Carrera de obstáculos
Karlos Zurutuza
Jadu (Libia) | Noviembre 2017
Calculando rutas por carreteras que siempre guardan sorpresas. Esta vez el desafío consiste en atravesar los cien kilómetros entre las playas de Zuara y las cumbres de Nafusa. Fathi Ben Khalifa, disidente histórico de la causa amazigh, lidera hoy un partido político nuevo y quiere pasarse por las montañas para recabar apoyos. Hace dos días mencionó la posibilidad de viajar en helicóptero; también la de salir a Túnez, a 60 km de Zuara, y acceder de nuevo a Libia por el paso de frontera de Wazzin, en las montañas. Puede parecer exagerado, pero se antoja como la opción más prudente si tenemos en cuenta que la ruta directa atraviesa zonas gestionadas por leales a Gadafi, milicias afines al Gobierno de Tobruk -uno de los tres que hay en Libia-, o simples bandas criminales. Contra todo pronóstico, se opta por no dar ningún rodeo.

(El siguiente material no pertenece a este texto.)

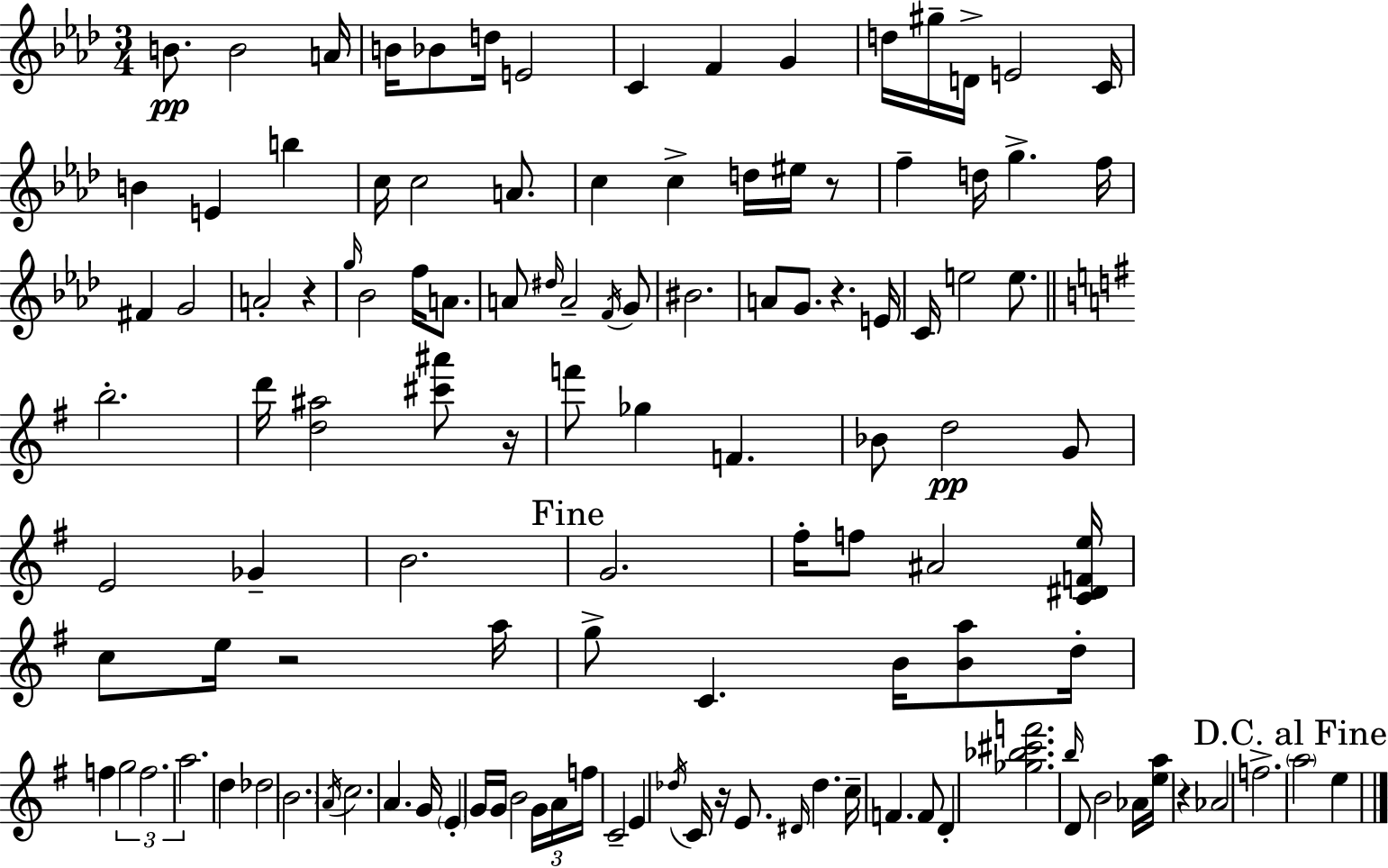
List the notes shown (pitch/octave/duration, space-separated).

B4/e. B4/h A4/s B4/s Bb4/e D5/s E4/h C4/q F4/q G4/q D5/s G#5/s D4/s E4/h C4/s B4/q E4/q B5/q C5/s C5/h A4/e. C5/q C5/q D5/s EIS5/s R/e F5/q D5/s G5/q. F5/s F#4/q G4/h A4/h R/q G5/s Bb4/h F5/s A4/e. A4/e D#5/s A4/h F4/s G4/e BIS4/h. A4/e G4/e. R/q. E4/s C4/s E5/h E5/e. B5/h. D6/s [D5,A#5]/h [C#6,A#6]/e R/s F6/e Gb5/q F4/q. Bb4/e D5/h G4/e E4/h Gb4/q B4/h. G4/h. F#5/s F5/e A#4/h [C4,D#4,F4,E5]/s C5/e E5/s R/h A5/s G5/e C4/q. B4/s [B4,A5]/e D5/s F5/q G5/h F5/h. A5/h. D5/q Db5/h B4/h. A4/s C5/h. A4/q. G4/s E4/q G4/s G4/s B4/h G4/s A4/s F5/s C4/h E4/q Db5/s C4/s R/s E4/e. D#4/s Db5/q. C5/s F4/q. F4/e D4/q [Gb5,Bb5,C#6,F6]/h. B5/s D4/e B4/h Ab4/s [E5,A5]/s R/q Ab4/h F5/h. A5/h E5/q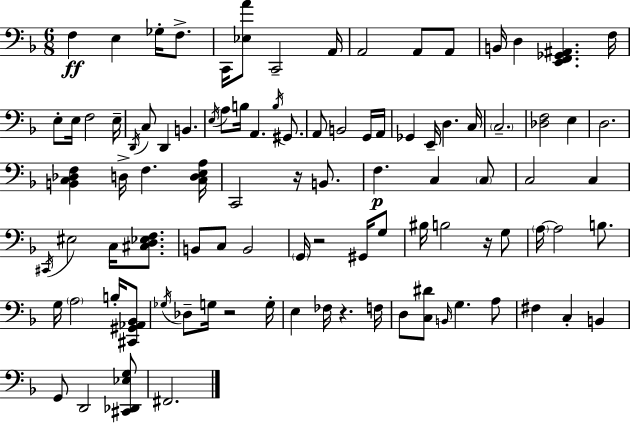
X:1
T:Untitled
M:6/8
L:1/4
K:F
F, E, _G,/4 F,/2 C,,/4 [_E,A]/2 C,,2 A,,/4 A,,2 A,,/2 A,,/2 B,,/4 D, [E,,F,,_G,,^A,,] F,/4 E,/2 E,/4 F,2 E,/4 D,,/4 C,/2 D,, B,, E,/4 A,/2 B,/4 A,, B,/4 ^G,,/2 A,,/2 B,,2 G,,/4 A,,/4 _G,, E,,/4 D, C,/4 C,2 [_D,F,]2 E, D,2 [B,,C,_D,F,] D,/4 F, [C,D,E,A,]/4 C,,2 z/4 B,,/2 F, C, C,/2 C,2 C, ^C,,/4 ^E,2 C,/4 [^C,D,_E,F,]/2 B,,/2 C,/2 B,,2 G,,/4 z2 ^G,,/4 G,/2 ^B,/4 B,2 z/4 G,/2 A,/4 A,2 B,/2 G,/4 A,2 B,/4 [^C,,^G,,_A,,_B,,]/2 _G,/4 _D,/2 G,/4 z2 G,/4 E, _F,/4 z F,/4 D,/2 [C,^D]/2 B,,/4 G, A,/2 ^F, C, B,, G,,/2 D,,2 [^C,,_D,,_E,G,]/2 ^F,,2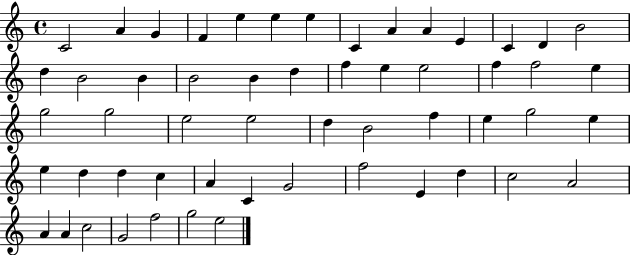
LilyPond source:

{
  \clef treble
  \time 4/4
  \defaultTimeSignature
  \key c \major
  c'2 a'4 g'4 | f'4 e''4 e''4 e''4 | c'4 a'4 a'4 e'4 | c'4 d'4 b'2 | \break d''4 b'2 b'4 | b'2 b'4 d''4 | f''4 e''4 e''2 | f''4 f''2 e''4 | \break g''2 g''2 | e''2 e''2 | d''4 b'2 f''4 | e''4 g''2 e''4 | \break e''4 d''4 d''4 c''4 | a'4 c'4 g'2 | f''2 e'4 d''4 | c''2 a'2 | \break a'4 a'4 c''2 | g'2 f''2 | g''2 e''2 | \bar "|."
}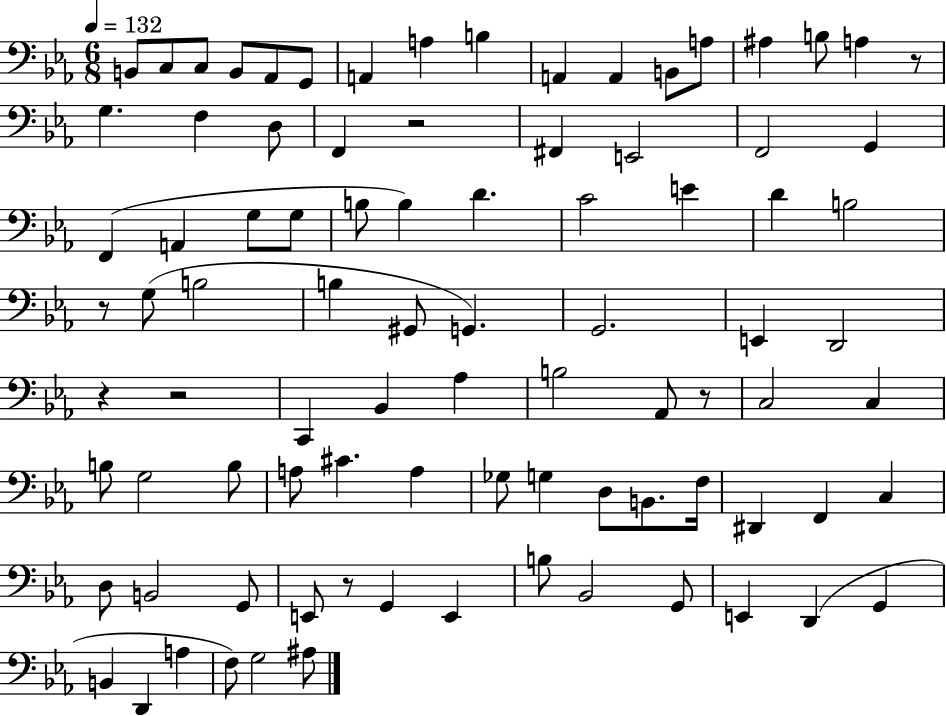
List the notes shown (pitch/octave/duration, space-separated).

B2/e C3/e C3/e B2/e Ab2/e G2/e A2/q A3/q B3/q A2/q A2/q B2/e A3/e A#3/q B3/e A3/q R/e G3/q. F3/q D3/e F2/q R/h F#2/q E2/h F2/h G2/q F2/q A2/q G3/e G3/e B3/e B3/q D4/q. C4/h E4/q D4/q B3/h R/e G3/e B3/h B3/q G#2/e G2/q. G2/h. E2/q D2/h R/q R/h C2/q Bb2/q Ab3/q B3/h Ab2/e R/e C3/h C3/q B3/e G3/h B3/e A3/e C#4/q. A3/q Gb3/e G3/q D3/e B2/e. F3/s D#2/q F2/q C3/q D3/e B2/h G2/e E2/e R/e G2/q E2/q B3/e Bb2/h G2/e E2/q D2/q G2/q B2/q D2/q A3/q F3/e G3/h A#3/e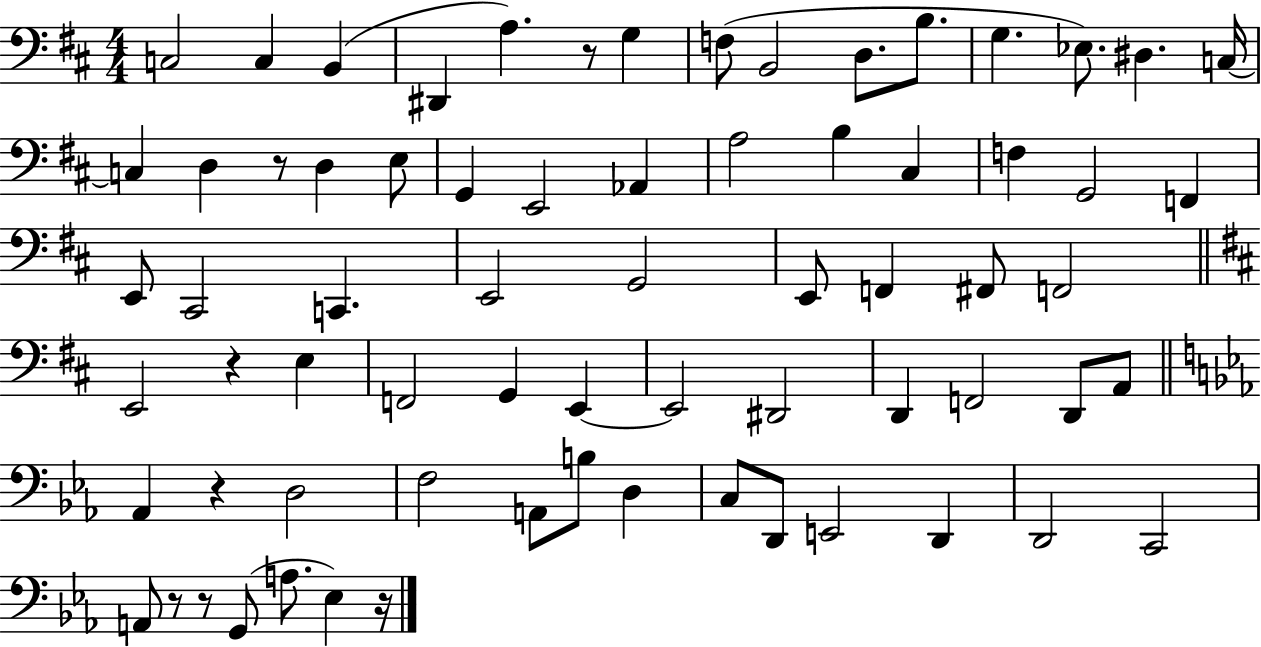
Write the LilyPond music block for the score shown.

{
  \clef bass
  \numericTimeSignature
  \time 4/4
  \key d \major
  c2 c4 b,4( | dis,4 a4.) r8 g4 | f8( b,2 d8. b8. | g4. ees8.) dis4. c16~~ | \break c4 d4 r8 d4 e8 | g,4 e,2 aes,4 | a2 b4 cis4 | f4 g,2 f,4 | \break e,8 cis,2 c,4. | e,2 g,2 | e,8 f,4 fis,8 f,2 | \bar "||" \break \key d \major e,2 r4 e4 | f,2 g,4 e,4~~ | e,2 dis,2 | d,4 f,2 d,8 a,8 | \break \bar "||" \break \key c \minor aes,4 r4 d2 | f2 a,8 b8 d4 | c8 d,8 e,2 d,4 | d,2 c,2 | \break a,8 r8 r8 g,8( a8. ees4) r16 | \bar "|."
}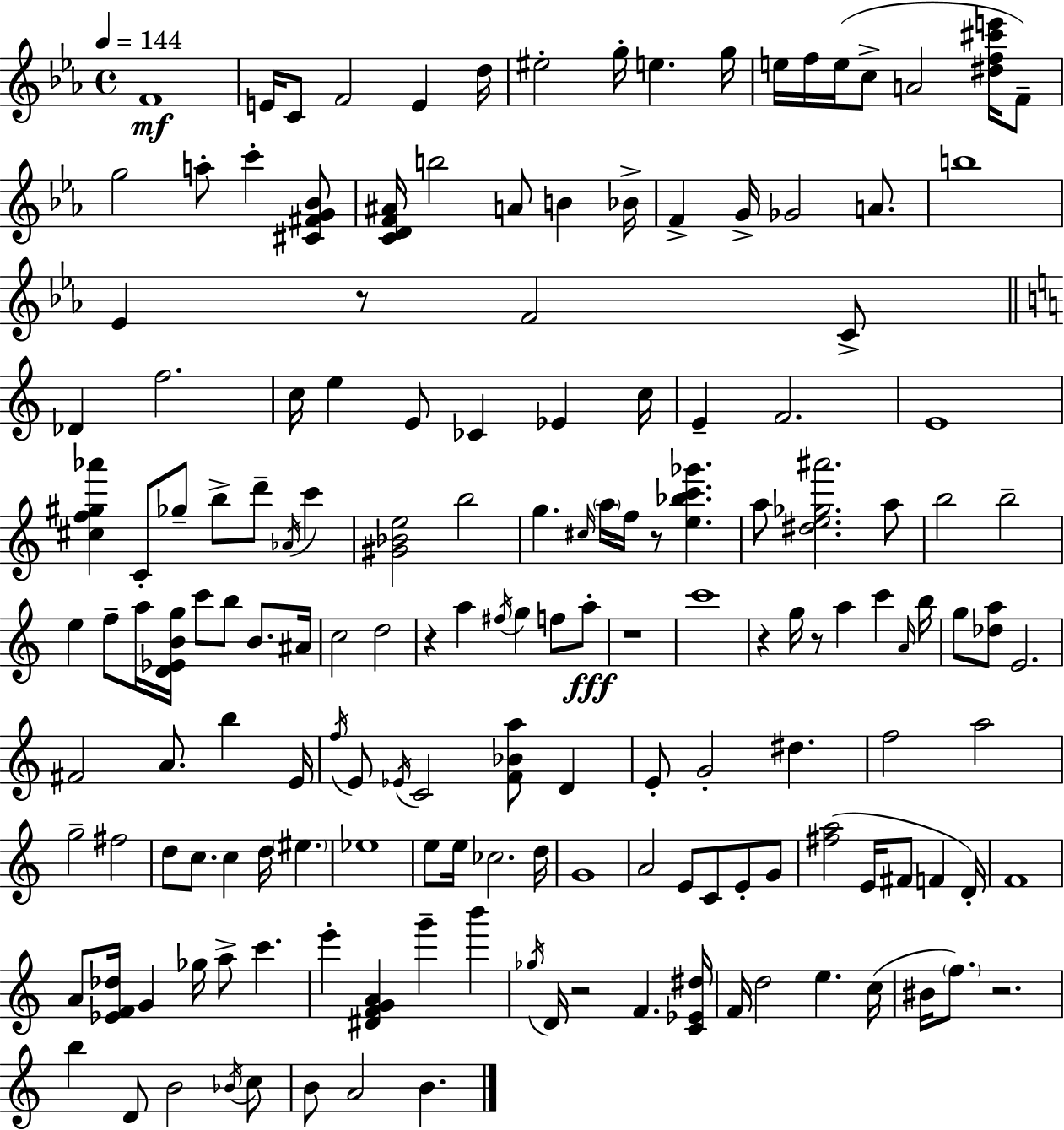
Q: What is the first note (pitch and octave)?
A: F4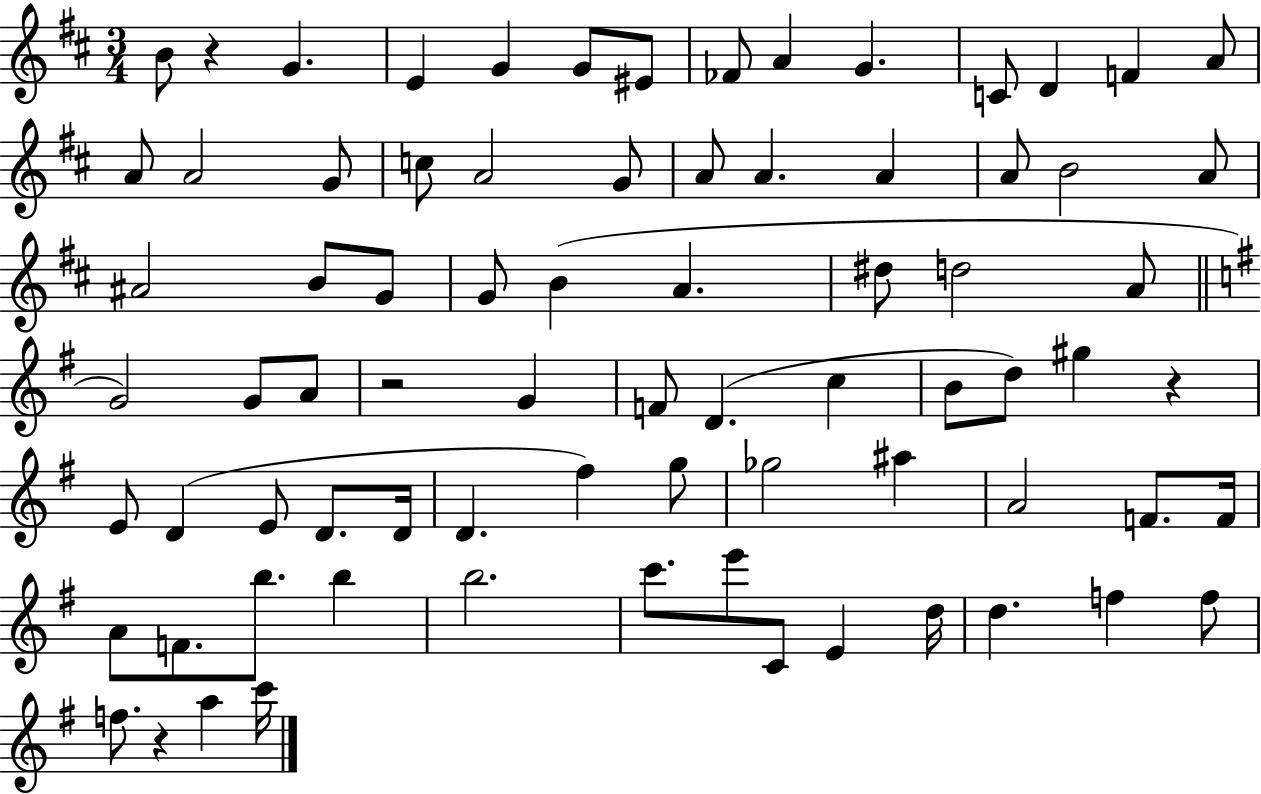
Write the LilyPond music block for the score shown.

{
  \clef treble
  \numericTimeSignature
  \time 3/4
  \key d \major
  \repeat volta 2 { b'8 r4 g'4. | e'4 g'4 g'8 eis'8 | fes'8 a'4 g'4. | c'8 d'4 f'4 a'8 | \break a'8 a'2 g'8 | c''8 a'2 g'8 | a'8 a'4. a'4 | a'8 b'2 a'8 | \break ais'2 b'8 g'8 | g'8 b'4( a'4. | dis''8 d''2 a'8 | \bar "||" \break \key e \minor g'2) g'8 a'8 | r2 g'4 | f'8 d'4.( c''4 | b'8 d''8) gis''4 r4 | \break e'8 d'4( e'8 d'8. d'16 | d'4. fis''4) g''8 | ges''2 ais''4 | a'2 f'8. f'16 | \break a'8 f'8. b''8. b''4 | b''2. | c'''8. e'''8 c'8 e'4 d''16 | d''4. f''4 f''8 | \break f''8. r4 a''4 c'''16 | } \bar "|."
}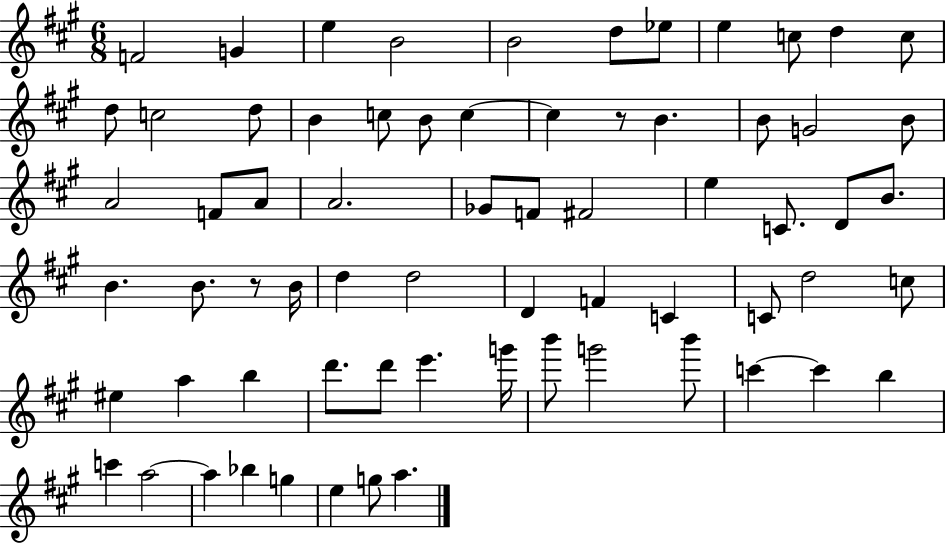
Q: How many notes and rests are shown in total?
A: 68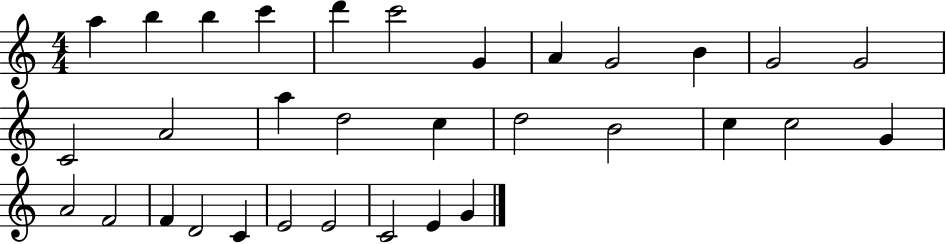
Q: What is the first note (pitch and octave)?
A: A5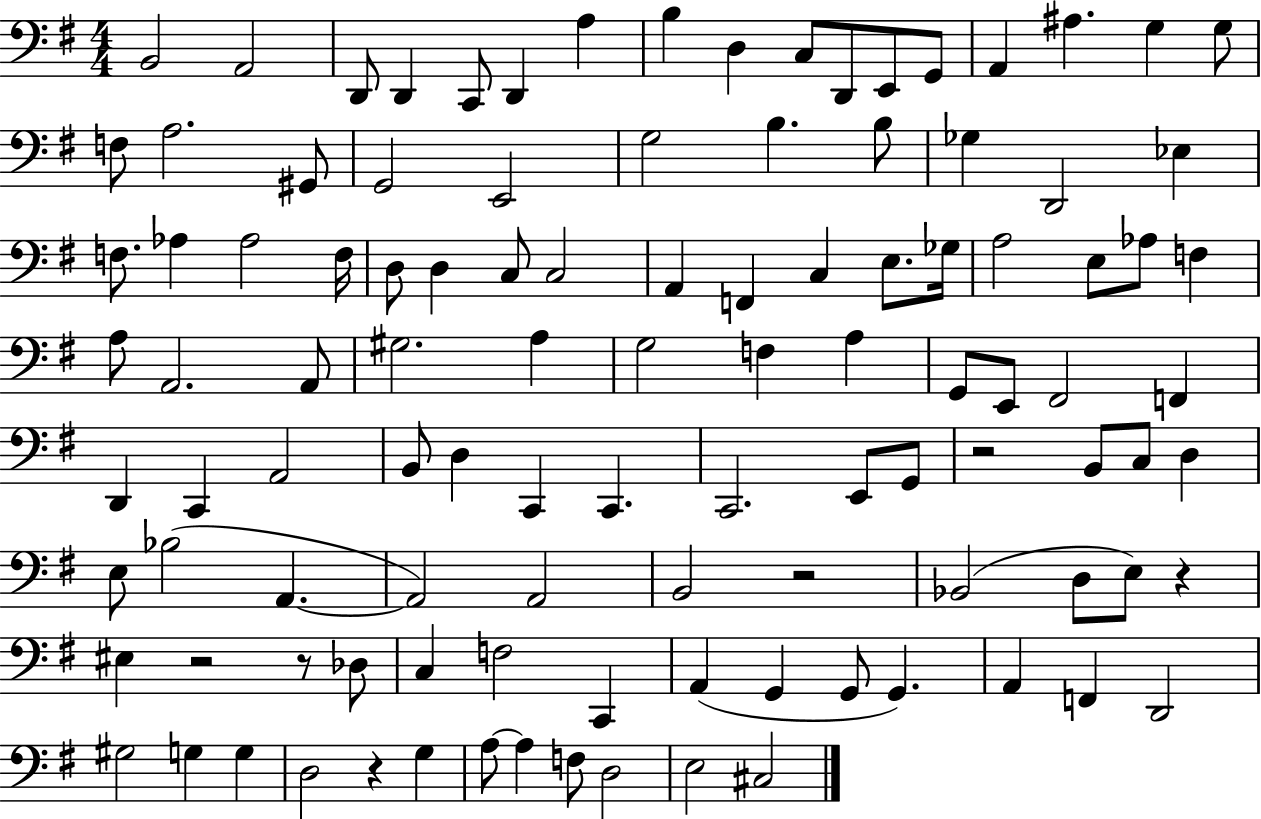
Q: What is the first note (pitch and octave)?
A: B2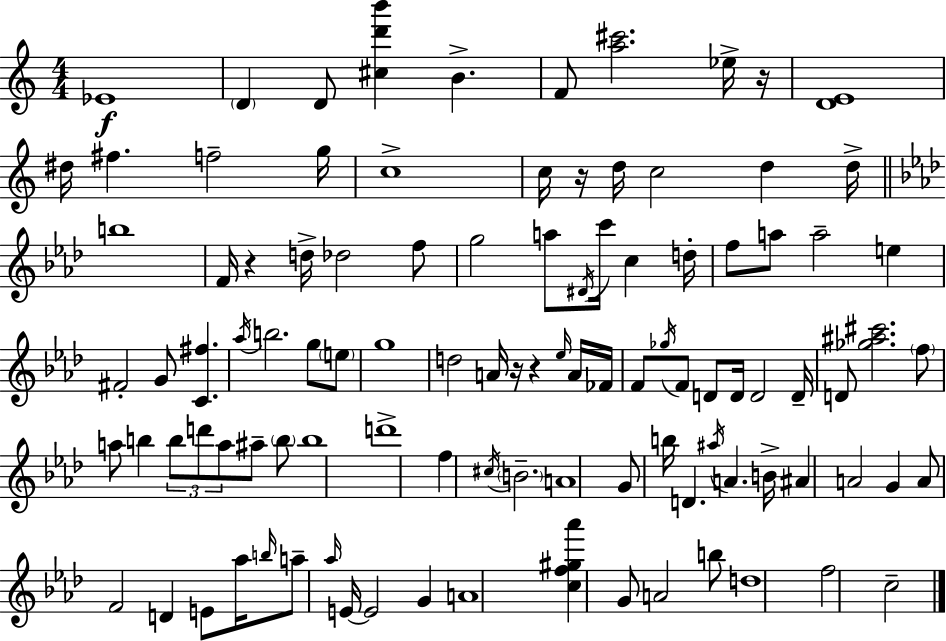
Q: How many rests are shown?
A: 5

“Irá un coche delante del nuestro”, revela Ben Khalifa, quitándole hierro al asunto.
El águila en el escudo de la milicia local del pueblo árabe de Jmeil es la de Gadafi
A apenas 15 kilómetros al sur, los restos de una furgoneta calcinada en el arcén nos indican que estamos a punto de entrar en Jmeil, uno de los pueblos en el arco de localidades árabes que rodea Zuara. Son los “colonos” que Gadafi instaló para diluir el único enclave amazigh en la costa de Libia. El águila en el escudo de la milicia local es la de Gadafi, la de la Jamahiriya. Destaca también desde la boina roja del único guardia en el checkpoint. Aquí nadie se esconde su filiación; ni ellos, ni tampoco Ben Khalifa, un rostro muy conocido en Libia, y en un coche con matrícula de Zuara. Es la del número 5.
No obstante, en Jmeil no es fácil saber quién es quién. Las milicias locales, afines al Gobierno de Tobruk, se han enfrentado más de una vez entre sí por motivos que tienen más que ver con los beneficios del tráfico de combustible que con ideas políticas. Y tampoco es fácil saber qué queda del movimiento “gadafista”. Saif al Islam, segundo hijo de Gadafi y destinado a ocupar su lugar fue capturado en 2011 y presuntamente liberado en junio de 2017. A día de hoy se desconoce su paradero, y la falta de pruebas alimenta las sospechas de que habría sido ejecutado al poco de su arresto.
La mayor parte de cúpula del aparato militar de Gadafi se encuentra exiliada en Túnez y Egipto desde 2011, y muchos de los leales al antiguo régimen se agruparon bajo el paraguas del Gobierno de Tobruk, que cuenta hoy con el respaldo de Arabia Saudí, Emiratos, Egipto y Rusia, entre otros.
“Hemos hablado con el jefe de su milicia antes de salir y le habrá avisado de nuestra llegada”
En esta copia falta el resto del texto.